About this exercise: Begin with the line that holds "Monument à Claude" and retype through the last line of the listing below, exactly; pictures are not part of the copy.

Dataset section:
....

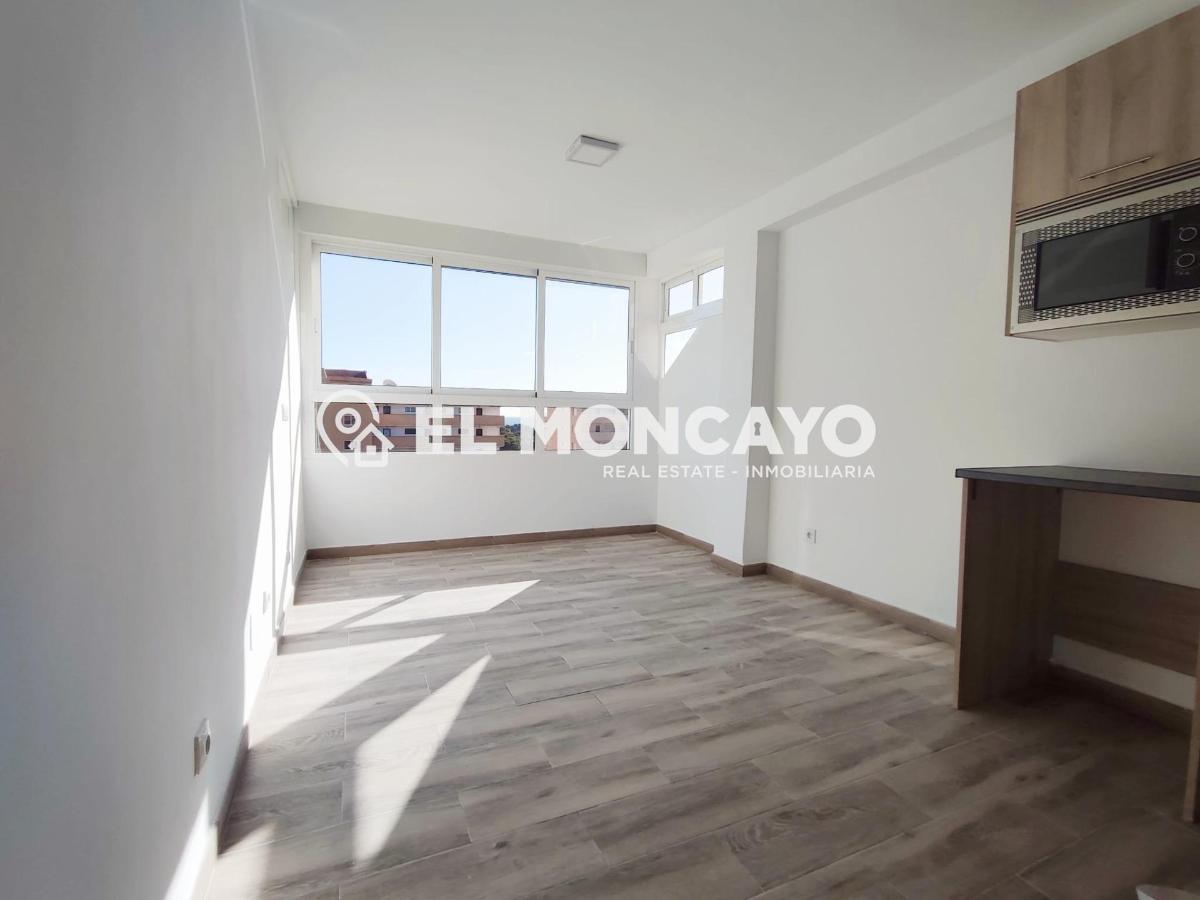 Apartment in Guardamar del Segura, Alicante, Spain 2 bedrooms, 36 sq.m. No. 183819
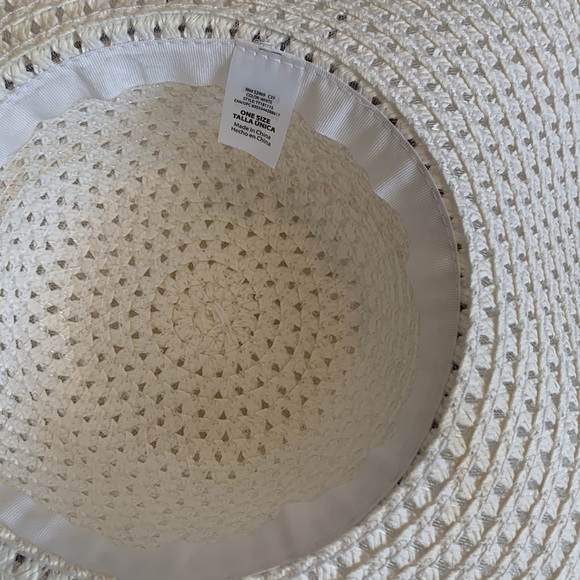 2 Hats - Picture 8 of 9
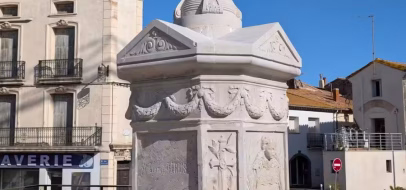 Monument à Claude Terrisse et son buste de marbre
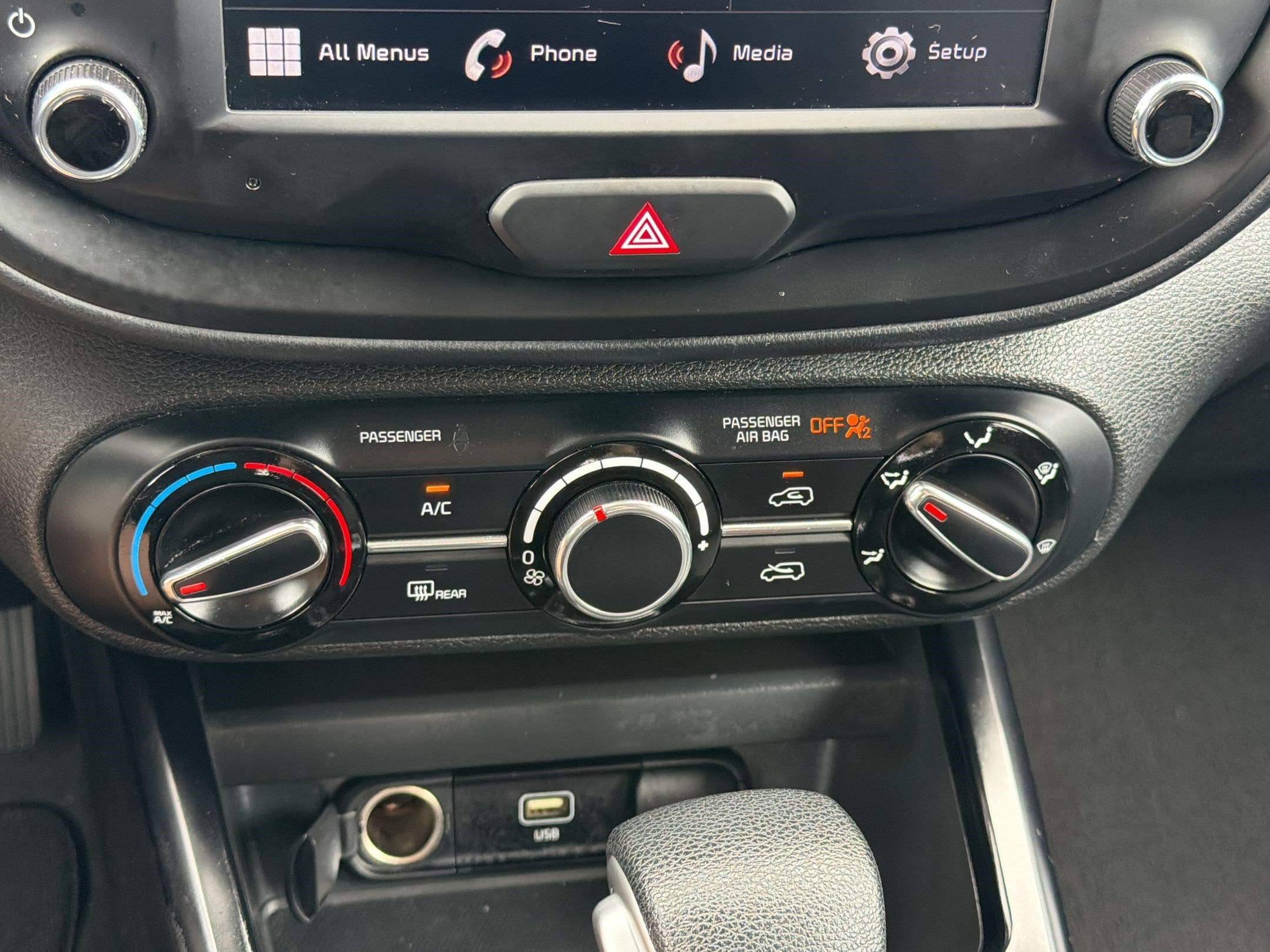 2025 Kia Soul LX - Photo 20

....

Exercise response:
 Monument à Claude Terrisse et son buste de marbre
 2025 Kia Soul LX - Photo 20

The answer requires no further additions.